In this one-hour talk, we examine proto-Gothic elements in early modern revenge plays, beginning with Thomas Kyd’s The Spanish Tragedy. These plays, like William Shakespeaare’s Hamlet (1601) and John Webster’s The Duchess of Malfi (1613), include recurring elements: ghosts; incest; murder; madness; evil Catholic priests; poisoned books; lycanthropy; and secret marriages. We trace the use of these themes and devices from the Roman playwright Seneca, who inspired Shakespeare, Webster, and their contemporaries, to the texts and stages of the Elizabethan theatrical world. We’ll discuss how politics shaped these Gothic precursors, how these plays were staged, and how audiences received them. We will also touch upon contemporary adaptations of these plays, including films like the 2004 post-apocalyptic punk Revenger’s Tragedy directed by Alex Cox, and their continued influence on the Gothic tradition. We’ll finish up with an interactive element, asking participants to envision the stage design for one of these plays.
This Sunday, we’re joined by Dominique Gracia to talk about “The Divine Right of Statues: Gothic encounters and divine retribution”.

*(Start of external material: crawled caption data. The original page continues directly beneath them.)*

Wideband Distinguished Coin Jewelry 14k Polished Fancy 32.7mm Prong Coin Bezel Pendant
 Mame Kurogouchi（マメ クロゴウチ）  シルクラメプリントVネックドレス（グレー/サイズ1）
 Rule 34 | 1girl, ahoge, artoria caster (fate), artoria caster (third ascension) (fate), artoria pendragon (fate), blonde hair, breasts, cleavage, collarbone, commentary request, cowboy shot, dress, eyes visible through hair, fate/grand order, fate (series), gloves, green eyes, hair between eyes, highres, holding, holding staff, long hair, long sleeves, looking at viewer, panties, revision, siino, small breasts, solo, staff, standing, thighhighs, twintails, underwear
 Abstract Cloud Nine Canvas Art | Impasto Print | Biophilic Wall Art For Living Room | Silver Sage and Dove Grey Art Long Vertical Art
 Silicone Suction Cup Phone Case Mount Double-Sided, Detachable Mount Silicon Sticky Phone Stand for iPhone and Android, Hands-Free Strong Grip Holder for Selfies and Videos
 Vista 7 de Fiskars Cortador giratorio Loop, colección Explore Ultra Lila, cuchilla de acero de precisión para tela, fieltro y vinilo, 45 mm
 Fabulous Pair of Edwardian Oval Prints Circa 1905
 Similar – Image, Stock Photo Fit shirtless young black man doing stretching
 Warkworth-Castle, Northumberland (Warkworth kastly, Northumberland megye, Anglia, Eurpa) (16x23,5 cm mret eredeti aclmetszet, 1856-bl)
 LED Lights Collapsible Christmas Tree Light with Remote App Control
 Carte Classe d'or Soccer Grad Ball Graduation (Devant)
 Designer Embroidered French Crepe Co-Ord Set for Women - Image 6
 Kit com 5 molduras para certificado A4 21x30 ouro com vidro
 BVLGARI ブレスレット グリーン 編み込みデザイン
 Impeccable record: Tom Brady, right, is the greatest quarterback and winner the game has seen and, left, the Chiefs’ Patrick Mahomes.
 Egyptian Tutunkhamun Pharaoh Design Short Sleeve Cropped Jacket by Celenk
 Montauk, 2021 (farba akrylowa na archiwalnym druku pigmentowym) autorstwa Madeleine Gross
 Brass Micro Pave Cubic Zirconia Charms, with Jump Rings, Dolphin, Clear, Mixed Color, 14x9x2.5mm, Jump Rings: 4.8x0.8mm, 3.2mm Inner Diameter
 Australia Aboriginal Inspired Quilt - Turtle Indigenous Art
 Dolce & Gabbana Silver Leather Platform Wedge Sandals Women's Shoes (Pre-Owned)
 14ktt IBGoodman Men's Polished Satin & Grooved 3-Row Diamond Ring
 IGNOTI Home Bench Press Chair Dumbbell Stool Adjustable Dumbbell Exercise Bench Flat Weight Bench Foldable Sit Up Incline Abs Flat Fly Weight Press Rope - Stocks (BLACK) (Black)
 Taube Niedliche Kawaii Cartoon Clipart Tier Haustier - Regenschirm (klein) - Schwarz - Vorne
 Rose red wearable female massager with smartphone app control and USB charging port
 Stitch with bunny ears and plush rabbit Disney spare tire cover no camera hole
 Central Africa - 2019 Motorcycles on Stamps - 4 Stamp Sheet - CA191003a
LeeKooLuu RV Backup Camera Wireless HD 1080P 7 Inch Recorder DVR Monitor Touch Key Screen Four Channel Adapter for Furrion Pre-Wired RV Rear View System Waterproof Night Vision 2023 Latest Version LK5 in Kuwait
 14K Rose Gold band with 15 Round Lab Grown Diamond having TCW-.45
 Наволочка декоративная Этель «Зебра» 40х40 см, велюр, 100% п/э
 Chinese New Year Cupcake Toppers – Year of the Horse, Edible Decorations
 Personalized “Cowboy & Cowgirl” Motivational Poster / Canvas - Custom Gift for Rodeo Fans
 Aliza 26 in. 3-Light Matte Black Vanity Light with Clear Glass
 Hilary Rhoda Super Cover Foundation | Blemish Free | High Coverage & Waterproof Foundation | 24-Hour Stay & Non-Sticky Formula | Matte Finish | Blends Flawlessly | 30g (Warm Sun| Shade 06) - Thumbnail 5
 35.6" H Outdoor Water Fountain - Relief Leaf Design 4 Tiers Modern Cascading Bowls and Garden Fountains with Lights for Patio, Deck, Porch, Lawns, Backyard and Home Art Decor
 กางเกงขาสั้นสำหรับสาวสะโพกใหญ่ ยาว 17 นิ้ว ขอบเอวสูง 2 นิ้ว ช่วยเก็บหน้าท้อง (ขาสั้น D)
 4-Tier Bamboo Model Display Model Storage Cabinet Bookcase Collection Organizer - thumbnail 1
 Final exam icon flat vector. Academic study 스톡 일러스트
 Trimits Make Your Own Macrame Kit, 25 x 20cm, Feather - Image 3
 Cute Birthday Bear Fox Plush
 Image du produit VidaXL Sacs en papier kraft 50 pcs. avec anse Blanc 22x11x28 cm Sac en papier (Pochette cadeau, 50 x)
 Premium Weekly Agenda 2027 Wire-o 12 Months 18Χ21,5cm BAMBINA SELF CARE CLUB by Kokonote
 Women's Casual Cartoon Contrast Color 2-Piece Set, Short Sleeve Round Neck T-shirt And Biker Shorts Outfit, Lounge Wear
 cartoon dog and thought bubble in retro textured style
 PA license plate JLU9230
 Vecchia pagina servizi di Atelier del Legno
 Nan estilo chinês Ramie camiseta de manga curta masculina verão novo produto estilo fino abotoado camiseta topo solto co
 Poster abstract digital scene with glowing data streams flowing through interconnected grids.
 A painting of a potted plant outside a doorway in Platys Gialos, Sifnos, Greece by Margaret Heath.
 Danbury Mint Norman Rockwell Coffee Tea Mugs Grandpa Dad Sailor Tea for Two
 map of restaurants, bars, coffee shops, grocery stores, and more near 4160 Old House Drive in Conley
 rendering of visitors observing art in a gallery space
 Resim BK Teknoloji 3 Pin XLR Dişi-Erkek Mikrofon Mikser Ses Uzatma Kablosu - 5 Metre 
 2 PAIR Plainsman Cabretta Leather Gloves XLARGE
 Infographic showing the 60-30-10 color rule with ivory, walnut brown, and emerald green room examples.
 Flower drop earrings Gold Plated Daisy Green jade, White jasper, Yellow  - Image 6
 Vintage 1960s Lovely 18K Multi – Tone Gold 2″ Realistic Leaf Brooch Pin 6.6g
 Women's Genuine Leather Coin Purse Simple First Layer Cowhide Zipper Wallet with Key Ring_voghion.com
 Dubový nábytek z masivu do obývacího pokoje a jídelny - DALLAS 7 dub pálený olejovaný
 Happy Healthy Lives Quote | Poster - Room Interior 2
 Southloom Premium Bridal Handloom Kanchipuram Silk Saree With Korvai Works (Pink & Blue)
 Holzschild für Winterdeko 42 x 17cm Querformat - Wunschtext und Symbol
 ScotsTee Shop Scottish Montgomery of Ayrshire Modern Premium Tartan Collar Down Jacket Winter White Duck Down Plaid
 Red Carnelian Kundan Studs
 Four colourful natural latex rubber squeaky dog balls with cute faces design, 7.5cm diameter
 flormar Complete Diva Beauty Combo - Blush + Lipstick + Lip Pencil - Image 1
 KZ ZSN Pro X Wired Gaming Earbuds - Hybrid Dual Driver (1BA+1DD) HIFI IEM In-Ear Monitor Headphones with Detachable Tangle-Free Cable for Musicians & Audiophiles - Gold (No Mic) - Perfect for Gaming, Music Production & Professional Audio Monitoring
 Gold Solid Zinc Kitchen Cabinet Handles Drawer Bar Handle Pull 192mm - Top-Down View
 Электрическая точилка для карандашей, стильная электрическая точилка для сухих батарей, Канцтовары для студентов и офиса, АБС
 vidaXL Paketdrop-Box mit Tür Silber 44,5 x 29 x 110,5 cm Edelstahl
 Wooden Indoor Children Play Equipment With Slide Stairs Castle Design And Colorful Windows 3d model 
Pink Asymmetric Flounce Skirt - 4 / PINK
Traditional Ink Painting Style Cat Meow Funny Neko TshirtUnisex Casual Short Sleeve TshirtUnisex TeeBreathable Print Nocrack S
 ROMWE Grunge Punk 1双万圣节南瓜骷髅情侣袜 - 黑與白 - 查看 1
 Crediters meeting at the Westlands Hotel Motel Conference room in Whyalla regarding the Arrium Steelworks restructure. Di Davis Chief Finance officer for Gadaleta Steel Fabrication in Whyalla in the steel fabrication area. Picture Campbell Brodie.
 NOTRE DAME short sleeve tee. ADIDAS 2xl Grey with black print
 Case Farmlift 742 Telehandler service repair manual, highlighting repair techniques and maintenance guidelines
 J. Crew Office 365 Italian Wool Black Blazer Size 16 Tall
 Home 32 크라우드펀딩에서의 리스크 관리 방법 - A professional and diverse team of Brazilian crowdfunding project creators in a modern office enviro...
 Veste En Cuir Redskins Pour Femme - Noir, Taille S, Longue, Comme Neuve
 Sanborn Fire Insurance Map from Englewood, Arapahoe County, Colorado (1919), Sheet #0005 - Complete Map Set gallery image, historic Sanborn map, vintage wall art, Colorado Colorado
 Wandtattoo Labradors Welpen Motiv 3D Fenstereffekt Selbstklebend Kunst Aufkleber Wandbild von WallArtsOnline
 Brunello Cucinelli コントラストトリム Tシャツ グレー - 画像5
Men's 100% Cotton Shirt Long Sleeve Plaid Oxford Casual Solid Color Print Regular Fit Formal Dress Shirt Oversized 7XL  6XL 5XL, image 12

It covers a set of short stories from Vernon Lee and Henry James, and some of Gustavo Adolfo Bécquer’s Leyendas: Dionea and Virgin of the Seven Daggers; Last of the Valerii; and El beso and La ajorca de oro. The talk explores the twin threads of pious worship and impious transgression, and the strong parallels between the imperative to worship Christian and non-Christian statuary. Across the group, there’s a story to be told about the self-imposed sanctity of physical art-objects, the unsettling ‘excesses’ of both Catholicism (particularly in Lee’s view of Spanish Catholicism) and paganism, and the apparent impossibility of ‘leaving well enough alone’.